Pylons 0.10 and 1.0 Beta 1 Released

Without further ado,

I’m pleased to announced that Pylons 0.10b1 and 1.0b1 are now out. I have not put them on Cheeseshop to ensure they’re not downloaded accidentally.

Upgrading / Installing

I have updated upgrading instructions here: http://pylonshq.com/docs/en/1.0/upgrading/

The instructions to install from scratch on Pylons 1.0b1: http://pylonshq.com/docs/en/1.0/gettingstarted/#installing

The upgrading page covers the important upgrading instructions that Mike Orr touched briefly on before.

Note that these are beta releases, intended for us to discover remaining issues and continue updating any other documentation where applicable. Very little has actually changed in Pylons since 0.9.7, apart from 1.0 dropping all of the legacy functionality and a few explicit clean-ups.

Updates

Routes, Beaker, and WebHelpers however have been seeing quite a bit of updates through the life of Pylons 0.9.7 so no one should think that the developers working on Pylons and its related parts have been hanging out doing nothing. :)

Since Pylons 0.9.7 was released on February 23, 2009, almost one year ago now:

  • Routes 1.11 was released, and 1.12 with some great updates will be out shortly
  • Beaker has gone from 1.2.2 -> 1.5 with 3 major updates substantially increasing its ease of use and reliability
  • WebHelpers is now at 1.0b4 with major updates, core functions rewritten, and new docs up
  • SQLAlchemy has gone from 0.4 to 0.5 (with 0.6 in beta)

I believe this speaks a great deal about the benefits of keeping the core Pylons functionality separate from other parts, as a variety of bug fixes and features can be improved without requiring new Pylons releases to quickly address bug reports.

How to Help!

To bring Pylons to 1.0, many docs likely need very small changes.
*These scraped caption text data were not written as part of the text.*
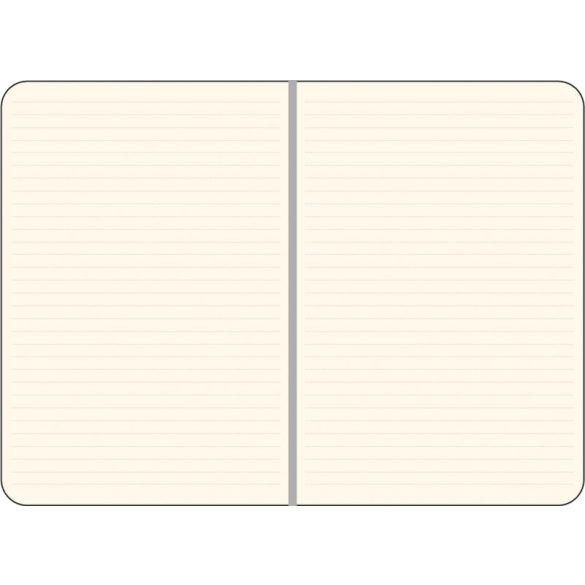 AG_USB_NB11-Notebook-cu-USB-8-GB-17-x-24-cm-Rosu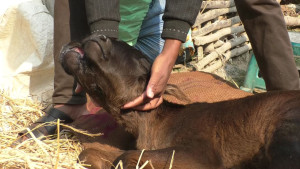 নওগাঁয় দুই মাথার বাছুর দেখতে মানুষের ভিড়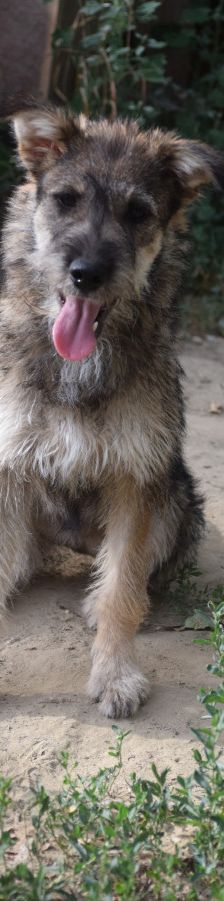 thorsten – Hund, Männchen, 7 Monate, Ungarn – Foto 3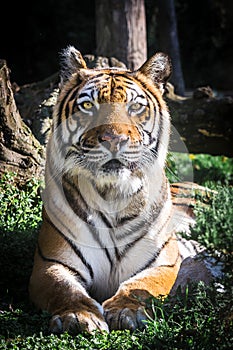 Tiger looking at camera. Portrait. Vertical.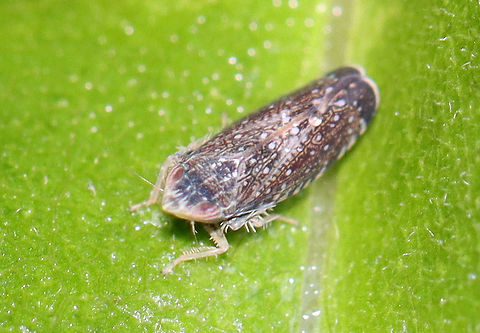 Yellow-faced Leafhopper - Scaphytopius frontalis Habitat: Garden
https://www.jungledragon.com/image/110635/leafhopper_-_subfamily_deltocephalinae.html Cicadellidae,Deltocephalinae,Geotagged,Scaphytopius,Scaphytopius frontalis,Summer,United States,leafhopper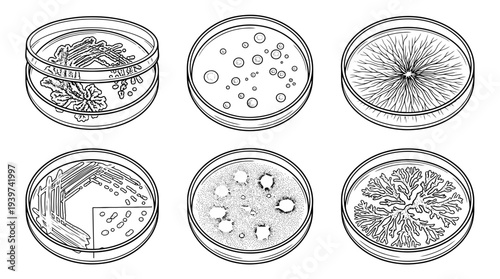 petri dish , realistic line art vector set , white background , PNG and SVG isolate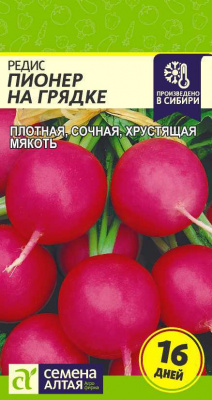 Редис Пионер на грядке 1г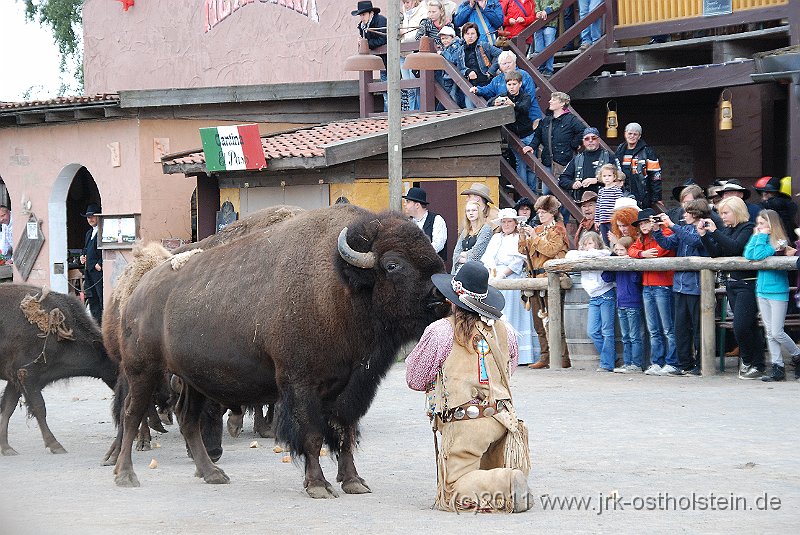 DSC_1973.JPG - (c)2010 M.Schalk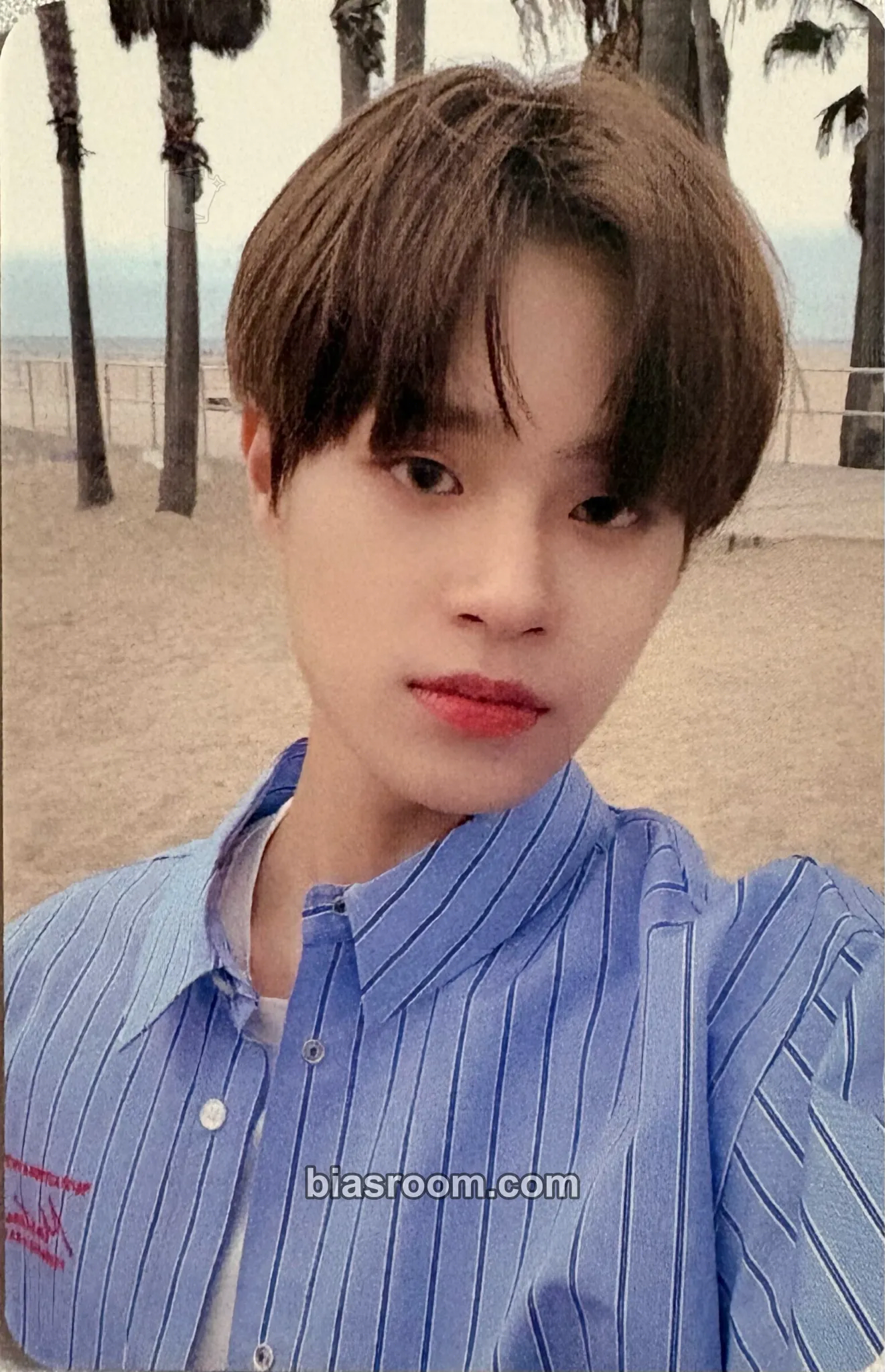 Daehwi 6IXENSE Photocard - AB6IX - AB6IX K-pop photocard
Also, it would be great to take care of reference docs where people have commented about problems/tips. Helping is fairly easy, especially if you’re familiar with restructured text.

First: Clone the Pylons repository on Bitbucket: http://bitbucket.org/bbangert/pylons/

Then: Edit the documentation files under pylons/docs/en/ to read as appropriate, commit the fix, and push it to bitbucket.

Finally: Issue a pull request on bitbucket so that we’ll know your fix is ready. Ideally you should include a note in it about what your fix remedies.

Bug Reports

Did your upgrade not go according to plan? Was there something missing that you needed to do from the upgrading docs?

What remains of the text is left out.